**TASK ITEM**
Every line below from the one with "this 250×168 image." through the one with "this 640×480 image." is to be repeated exactly, with no picture among them.

**DATA RECORDS**
___

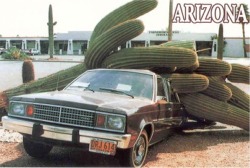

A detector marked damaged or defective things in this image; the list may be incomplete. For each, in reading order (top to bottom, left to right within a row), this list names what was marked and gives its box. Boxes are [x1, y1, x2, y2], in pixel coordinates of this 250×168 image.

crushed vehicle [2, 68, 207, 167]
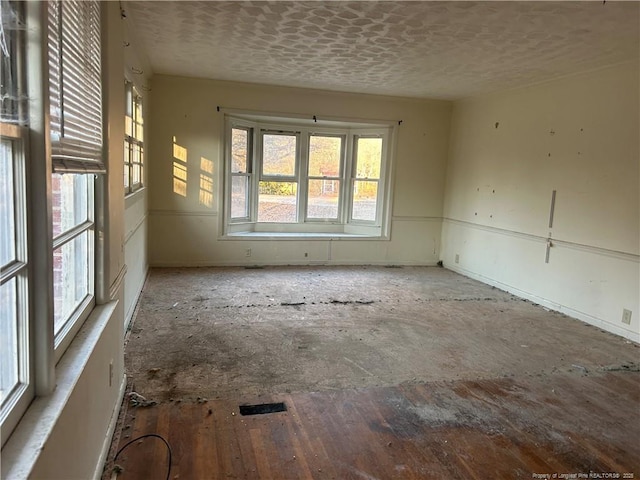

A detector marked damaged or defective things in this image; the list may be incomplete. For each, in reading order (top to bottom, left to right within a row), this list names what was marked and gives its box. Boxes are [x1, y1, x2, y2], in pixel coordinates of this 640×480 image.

___

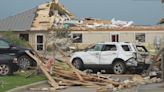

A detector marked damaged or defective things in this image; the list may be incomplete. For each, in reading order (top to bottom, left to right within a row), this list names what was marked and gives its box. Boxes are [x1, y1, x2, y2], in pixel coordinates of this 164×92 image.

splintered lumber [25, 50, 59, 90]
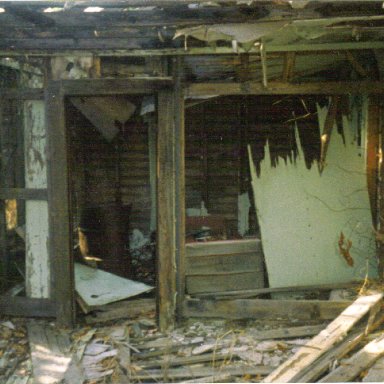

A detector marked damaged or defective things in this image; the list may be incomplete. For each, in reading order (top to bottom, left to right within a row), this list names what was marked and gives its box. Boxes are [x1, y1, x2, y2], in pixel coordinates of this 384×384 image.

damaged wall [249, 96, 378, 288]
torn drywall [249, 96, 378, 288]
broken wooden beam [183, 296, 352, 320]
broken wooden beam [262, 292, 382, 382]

___

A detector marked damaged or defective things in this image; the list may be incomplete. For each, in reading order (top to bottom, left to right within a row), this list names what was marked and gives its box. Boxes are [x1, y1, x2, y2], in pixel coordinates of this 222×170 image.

___

**RESPONSE TO THIS TASK**
A detector marked damaged or defective things in this image; the list may be incomplete. For each, in reading order (top to bottom, left to right within a row), this list names what was marked and gives its box. Boxes are [x1, y1, x2, y2], in pixel coordinates of this 250×168 image.

crushed vehicle [2, 68, 207, 167]

A detector marked damaged or defective things in this image; the list may be incomplete. For each, in reading order (top to bottom, left to right within a row), this list names what was marked and gives its box. Boxes are [x1, y1, x2, y2], in pixel coordinates of this 640×480 image.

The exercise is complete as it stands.